LISTED ENTRIES:
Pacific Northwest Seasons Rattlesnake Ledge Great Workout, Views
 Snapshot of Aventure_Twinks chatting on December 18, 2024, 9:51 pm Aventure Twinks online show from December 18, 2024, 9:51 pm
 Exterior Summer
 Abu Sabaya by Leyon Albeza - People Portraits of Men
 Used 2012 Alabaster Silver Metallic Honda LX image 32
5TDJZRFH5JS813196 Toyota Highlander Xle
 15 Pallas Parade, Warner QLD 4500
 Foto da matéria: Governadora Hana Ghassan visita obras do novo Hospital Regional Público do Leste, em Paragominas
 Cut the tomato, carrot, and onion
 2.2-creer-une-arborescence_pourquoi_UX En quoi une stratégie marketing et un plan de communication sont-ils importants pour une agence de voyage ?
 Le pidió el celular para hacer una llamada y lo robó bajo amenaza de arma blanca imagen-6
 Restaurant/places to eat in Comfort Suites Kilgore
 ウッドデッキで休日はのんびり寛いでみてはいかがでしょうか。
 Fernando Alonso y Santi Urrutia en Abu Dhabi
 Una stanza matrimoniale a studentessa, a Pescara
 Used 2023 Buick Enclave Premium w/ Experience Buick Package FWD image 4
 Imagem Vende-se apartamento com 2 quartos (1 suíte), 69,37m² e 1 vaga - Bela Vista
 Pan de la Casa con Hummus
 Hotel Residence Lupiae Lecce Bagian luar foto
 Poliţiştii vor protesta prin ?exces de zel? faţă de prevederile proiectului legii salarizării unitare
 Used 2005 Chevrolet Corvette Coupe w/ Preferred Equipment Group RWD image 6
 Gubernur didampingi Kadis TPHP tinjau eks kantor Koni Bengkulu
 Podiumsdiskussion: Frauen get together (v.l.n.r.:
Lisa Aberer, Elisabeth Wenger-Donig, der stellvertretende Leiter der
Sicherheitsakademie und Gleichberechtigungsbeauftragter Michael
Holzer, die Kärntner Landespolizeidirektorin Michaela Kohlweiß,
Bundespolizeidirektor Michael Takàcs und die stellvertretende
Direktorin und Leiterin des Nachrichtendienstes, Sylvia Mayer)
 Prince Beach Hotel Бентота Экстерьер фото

TASK BRIEF:
Nothing but the lines from the one containing "ウッドデッキで休日はのんびり寛いでみてはいかがでしょうか。" through the final line of the listing above belongs in the answer; set them down exactly.

REPLY TO THE EXERCISE:
 ウッドデッキで休日はのんびり寛いでみてはいかがでしょうか。
 Fernando Alonso y Santi Urrutia en Abu Dhabi
 Una stanza matrimoniale a studentessa, a Pescara
 Used 2023 Buick Enclave Premium w/ Experience Buick Package FWD image 4
 Imagem Vende-se apartamento com 2 quartos (1 suíte), 69,37m² e 1 vaga - Bela Vista
 Pan de la Casa con Hummus
 Hotel Residence Lupiae Lecce Bagian luar foto
 Poliţiştii vor protesta prin ?exces de zel? faţă de prevederile proiectului legii salarizării unitare
 Used 2005 Chevrolet Corvette Coupe w/ Preferred Equipment Group RWD image 6
 Gubernur didampingi Kadis TPHP tinjau eks kantor Koni Bengkulu
 Podiumsdiskussion: Frauen get together (v.l.n.r.:
Lisa Aberer, Elisabeth Wenger-Donig, der stellvertretende Leiter der
Sicherheitsakademie und Gleichberechtigungsbeauftragter Michael
Holzer, die Kärntner Landespolizeidirektorin Michaela Kohlweiß,
Bundespolizeidirektor Michael Takàcs und die stellvertretende
Direktorin und Leiterin des Nachrichtendienstes, Sylvia Mayer)
 Prince Beach Hotel Бентота Экстерьер фото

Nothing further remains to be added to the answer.